C’est bien la preuve que nous avons changé d’époque ! Il est inconcevable aujourd’hui de ne pas entrer dans une tension intellectuelle extrême dès lors qu’il s’agit de la situation de l’islam dans le monde, de l’existence d’une population musulmane en Europe et de la nature d’une religion dans ses rapports avec la politique et dans le cadre des relations interreligieuses. La bienveillance n’a pas forcément disparu, mais elle est infiniment plus grave, plus difficile, plus critiquée aussi. J’en veux pour exemple le témoignage poignant d’un Christian de Chergé qui nous introduit dans une dimension très particulière, sur fond de guerre civile et de certitude intime que sa vie est menacée par une partie de ceux-là même avec qui il a voulu créer des liens d’amitié profonds. Le prieur du monastère de l’Atlas dépasse sans les nier les difficultés exégétiques, les contradictions entre violences djihadistes et mystique souffie. Sa relation avec l’islam passe par son amitié avec des croyants musulmans qui ont fait mûrir sa foi. L’origine de tout, c’est sa rencontre avec un garde champêtre alors qu’il était sous-lieutenant de l’armée française en Algérie. C’est « cet homme mûr, profondément religieux, qui a libéré ma foi au fil d’un quotidien difficile, comme une réponse de simplicité, d’ouverture et d’abandon à Dieu. Notre dialogue était celui d’une amitié paisible et confiante qui avait la volonté de Dieu pour horizon, par-dessus la mêlée. Cet homme illettré ne se payait pas de mots ». Mieux encore, c’est ce Mohammed qui, pour protéger Christian, a donné sa vie : « Dans le sang de cet ami, j’ai su que mon appel à suivre le Christ devrait trouver à se vivre tôt ou tard dans le pays même où m’avait été donné ce gage de l’amour le plus grand. J’ai su du même coup que cette consécration de ma vie devrait passer par une prière en commun pour être vraiment un témoignage d’Église. »

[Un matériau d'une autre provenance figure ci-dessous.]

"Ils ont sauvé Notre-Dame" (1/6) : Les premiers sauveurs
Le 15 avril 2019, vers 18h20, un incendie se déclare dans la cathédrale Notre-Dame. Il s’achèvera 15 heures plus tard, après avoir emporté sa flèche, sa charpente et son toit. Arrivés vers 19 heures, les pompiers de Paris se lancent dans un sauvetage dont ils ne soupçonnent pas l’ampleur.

Le cas est-il exceptionnel ? Oui, mais c’est cette exception qui nous est donnée à méditer avec insistance, alors que le sacrifice des moines de l’Atlas est rappelé dans un film extraordinaire qui aura sur une vaste opinion un pouvoir de suggestion exceptionnel. C’est une chance à saisir dans le climat de tension actuel pour échapper à de mauvaises tentations.